There are two colour varieties of the Campine, Silver and Gold. Both sexes have the same colour pattern: the Silver has a pure white head and neck hackles, the rest of the bird being barred with black with beetle-green sheen, on a pure white ground; the Golden variety has the same pattern, but the head, neck hackles and body ground colour is rich gold rather than white.

In its country of origin, the Campine had a reputation as an "every day layer", a reliable producer of large white eggs.

Campines are considered to be a flighty, hardy breed with an active and inquisitive nature. They are among the rarest of domestic chicken breeds.

==Use==

The Campine lays a fair number of white-shelled eggs, but is kept mostly for showing today.

==Genetic research==

The Golden Campine was used in early research into auto-sexing in chickens by Reginald Crundall Punnett and Michael Pease at the Genetical Institute in Cambridge. The Cambar, the first auto-sexing hybrid, created in 1929, was a cross between the Golden Campine and the Barred Rock.

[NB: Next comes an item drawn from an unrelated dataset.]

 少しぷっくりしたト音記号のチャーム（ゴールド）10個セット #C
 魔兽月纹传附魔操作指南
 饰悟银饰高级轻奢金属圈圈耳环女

The hen-feathering trait in cocks of the Golden Campine has been found to be identical to that in the Sebright, a bantam breed. It has been suggested that it is the same gene, and that the trait in the Campine derives from the Sebright.

The Campine is closely related to the Dutch Chaamse Hoen. Although the Campine also has a degree of resemblance to the Egyptian Fayoumi, in plumage and in behavior, no genetic studies have been done linking the two breeds.